Discerning users of social media are painfully aware of this. It is always a good idea to check that story your ‘friends’ all posted on Facebook before you give it further credence by posting it yourself. There are lots of sites where you can check out offers/stories/video links to see if they are genuine: try Hoax-Slayer or Snopes. But my advice is to be skeptical… do you REALLY think that Land Rover are going to give away two brand new vehicles via Facebook? Of course they aren’t, it’s just someone trying to get your contact details (at the very least).

Mr Gillette's amazing 'castle'... in Connecticut when we were there

Mr Gillette’s amazing ‘castle’… in Connecticut when we were there in 2008

However, here are sites that we instinctively trust because we think that the parent institution/company is legitimate. The British Broadcasting Corporation (BBC) is probably the sort of organisation that one could consider to be reliable. I was a little surprised this morning, therefore, to read a ‘fact’ on the BBC website that I knew to be incorrect. The piece I was reading was about William Gillette… you probably haven’t heard of him, but I knew quite a bit about the man before I read the article. He was the actor who created the ‘look’ of Sherlock Holmes as we generally envisage him (or at least we did until Benedict Cumberbatch came along and transformed the character in the recent BBC series)… you know, deer stalker hat, hooked pipe, fancy dressing gowns. Well, this morning there was a story about the fact that a film of Mr Gillette performing as Sherlock Holmes had been found that was previously considered lost forever. Of course, there was lots of info about Gillette, including reference to the grand ‘castle’ he had built in North Carolina. Well, I’ve visited Gillette Castle and, at the time, it was definitely in Connecticut! I messaged the BBC with the correction and within an hour the change had been made.

Now, this may only seem like a minor thing – what does the location of a ‘castle’ matter one way or another? But it got me thinking. I often believe what I read because I assume the information to be from a reliable source.

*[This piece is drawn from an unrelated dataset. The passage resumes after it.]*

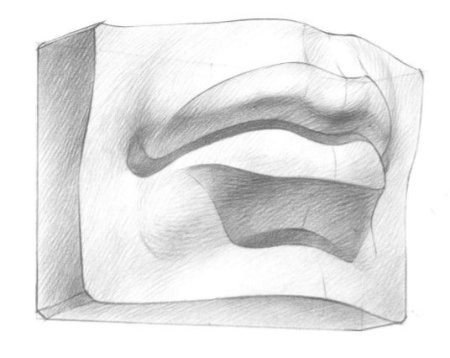 Академическое построение губ Давида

But if the BBC makes mistakes like this – what else might they be getting wrong? I’m not saying that it’s deliberate, just that when you have a huge website and churn out dozens of stories every day, how much time is actually spent checking and researching them? A book lasts a long time and so getting the contents right is important, but a web page can be changed from one minute to the next – so how much emphasis is put on getting everything right first time?

Food for thought next time you read a report in any of the media, but especially the internet.

… oh, and if you are ever in Connecticut, go and visit Gillette Castle – it’s fascinating and the staff are wonderful.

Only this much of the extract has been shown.